Using Rust in Prod at Oxide

Shamrell-Harrington: Can you tell us what it was like to come to Oxide, and start using Rust to write production stuff?

Abbott: Oxide was the first time I'd ever written any serious Rust. I'd played around with it, and I'd been aware of Rust for a very long time. I'd also seen it evolve. I think for the most part that the biggest thing for me is just to get comfortable really, to learn how to work with Rust and be able to see exactly what it can do for me to solve the right kinds of problems. If you're starting out, it does look fairly familiar to see. A lot of the constructs will be similar. If you've come from any programming language outside of C as well, you also see some very familiar things. I had somewhat of a background in programming languages with a lot of respect there. I felt like I was coming into a C background with some of my favorite PL features.
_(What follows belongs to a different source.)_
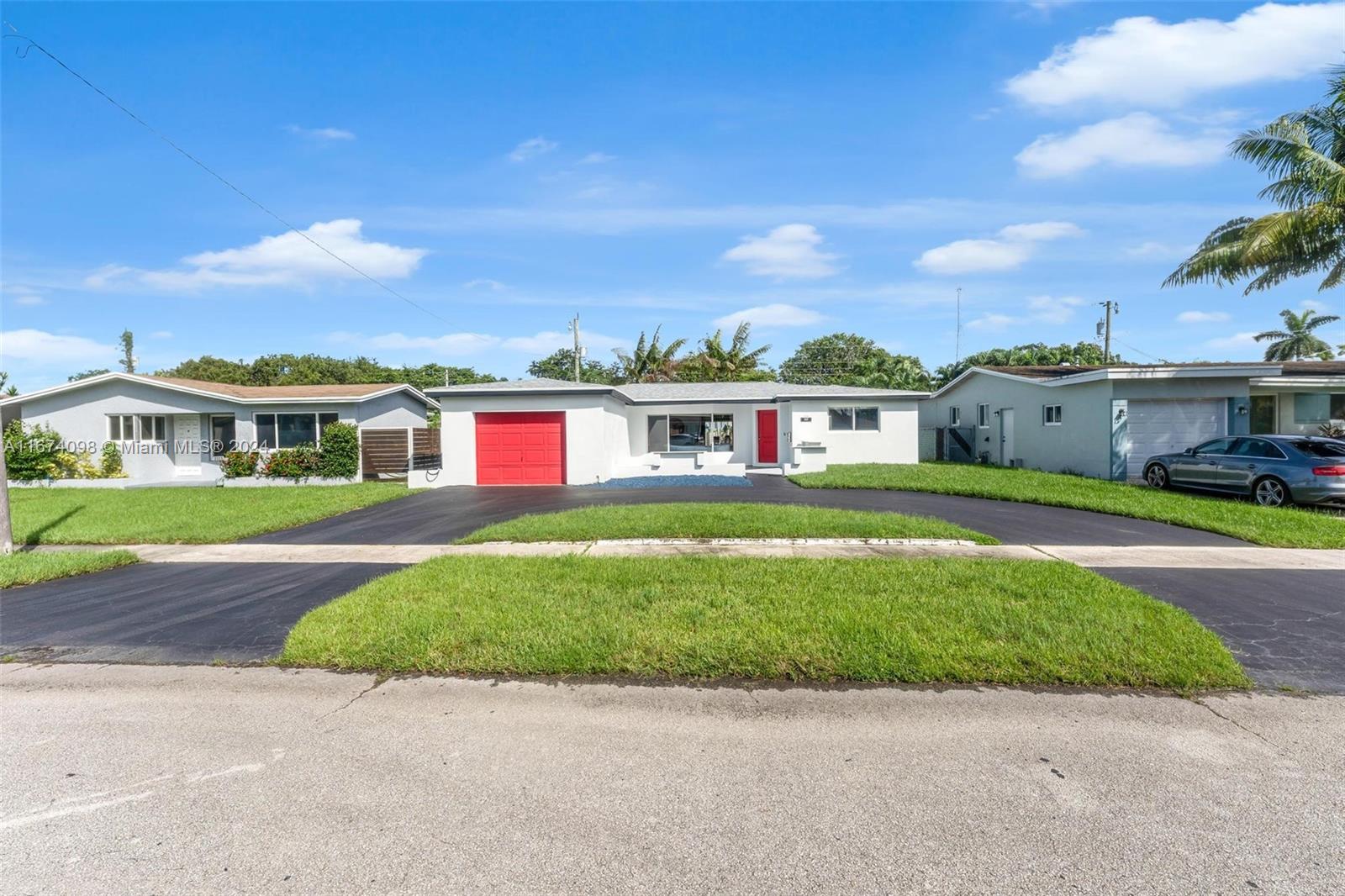FLAMINGO MANORS - Residential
It was really nice to be able to pick up and just be able to get more comfortable. Also, it gave me the confidence to be able to write things and not be able to make various mistakes I would be making in C, especially with respect to memory safety, for example. I spent so much of my career in C then tracking down these bugs in C just to know that Rust can eliminate a lot of these types of errors, but with minimal performance overhead. It's been fantastic to be able to work with. There's definitely been a learning curve but I think that comes with any language. I think it's been great to have everyone at Oxide be able to answer questions that's helped me also be able to write more idiomatic Rust as well, to be able to get to know some of the nitty-gritty stuff. I'm really becoming a better Rust programmer at the same time.

Shamrell-Harrington: You are definitely a Rustacean. Once you write your first line of code, you become a Rustacean in my book.

Oxide's Hubris Platform

I understand you're writing an operating system in Rust for the hardware you all are building. Can you tell me more about that?
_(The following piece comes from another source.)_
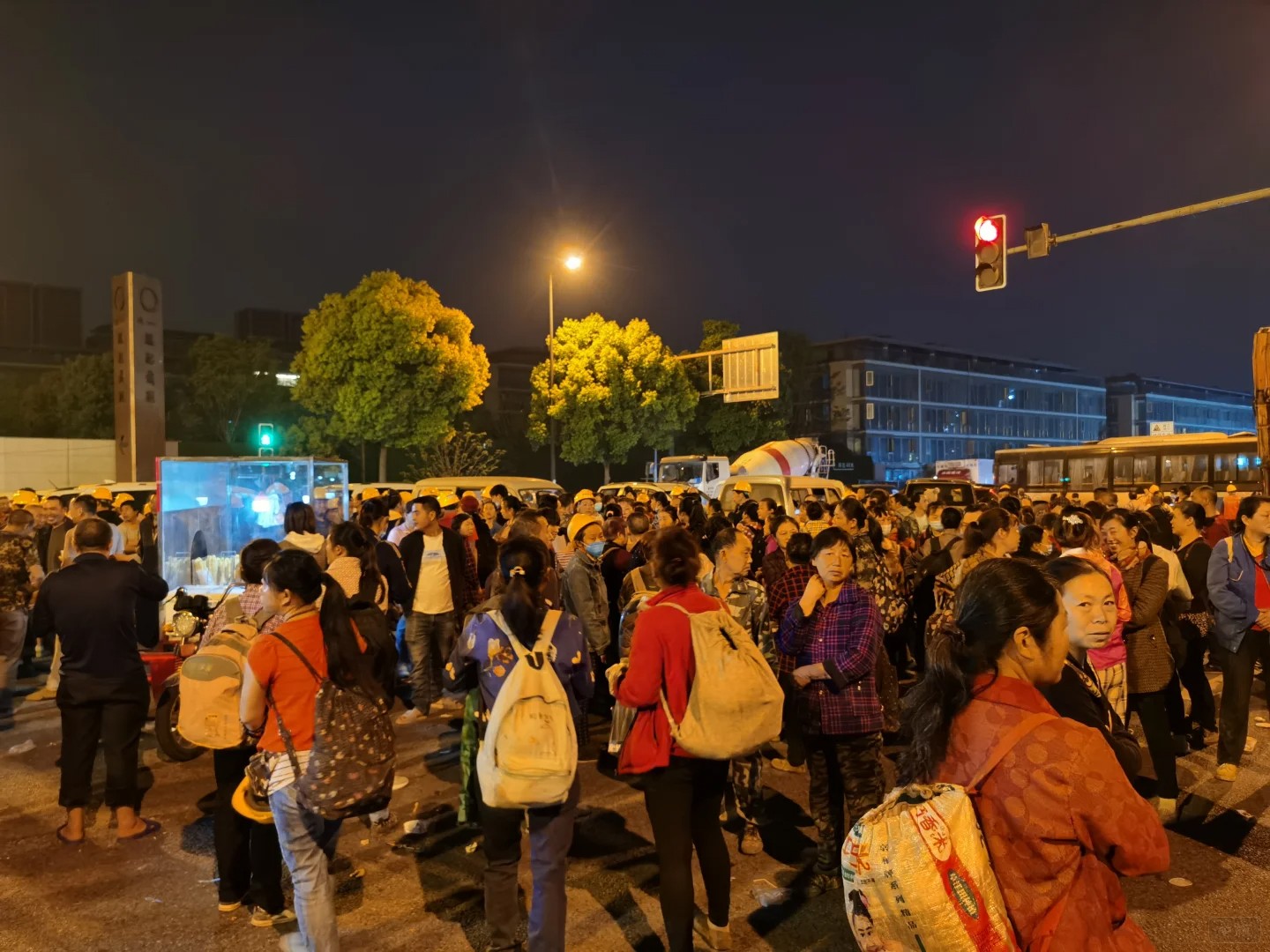 深夜的劳务市场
Biffle: Part of what attracted me to Oxide initially was that their firmware effort at the time I joined was based on Tock. We worked with Tock for several months, and increasingly it became apparent that what we needed was weird, and our application didn't line up super well with what Tock provided, which is a bunch of nice stuff, but not the stuff we wanted. We made the difficult decision last summer to roll our own, and in recognition of how that sounds we called the platform Hubris. Have been building our firmware on top of it since then. It's a fairly simple all Rust, microcontroller protected memory operating system.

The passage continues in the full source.